As Saraswati took Paras’s hand down and held it between her thighs , Paras panicked and tried to escape. But Saraswati suddenly leaned over and looked straight into Para’s eyes. Holding them with a fierceness and intensity that told the story of the unimaginable.
Something changed that moment. Did the winds pick up ? Carrying Saraswati’s words across the land to her lover ? The birds went wild, confused at century old rules being broken. The desert throbbed in resonance with Saraswati’s breathless words as she poured out every acute memory of her encounter with absolute intimacy. Not even the Gods, nor centuries old tradition had the power to stop the discovery of a young girl of her feminine self.
“Who …”Caught in the first flush of Saraswati’s forbidden words, Paras was now panicking.
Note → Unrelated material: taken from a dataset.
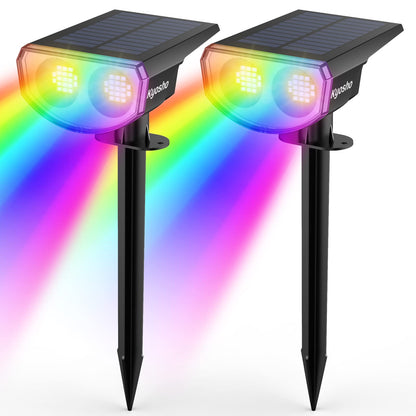 Rynx | Kyosho Colorful Spotlight, 38 Leds, Waterproof Rgbw, 9 Modes, 2 Pack - Multicolor Garden Lighting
“The boy”Saraswati was suddenly coy. Had she revealed too much ? Would Paras possibly carry the secret in her belly forever ? But Saraswati was feeling brave today. She felt a surge of power.
“The boy that comes every six months with his father to sell medicinal oils”
It was all too real for Paras now. The panic swept up engulfing her entire self. She leaped up and screamed at Saraswati.
“Sin ! Sin ! “The Vulture squawked as the birds died down. Paras kicked dirt into Sarawati’s face. Again and again.
The sun was stronger. Higher. The shadows were much much shorter.
Saraswati ran after Paras. The Pitcher precariously balanced on her head. Desperately trying to keep up with Paras’s shadow. For where could she go without it ?
“I will die if you tell”Saraswati screamed. “I will deny it ! The whole village will know you are a liar “.
The wind was not listening anymore. The birds had lost interest. The Vulture looked for other prey. The sun directly overhead now, was casting no shadow. Paras and Saraswati were free of each other, but Saraswati kept shouting, till she was hoarser than the morning crows.
Paras whirled around. and slapped Saraswati hard. So hard that Saraswati’s pitcher fell down. But even then the instinctive laws of Water kicked in. Paras caught the Pitcher on time and roughly handed it back to Saraswati.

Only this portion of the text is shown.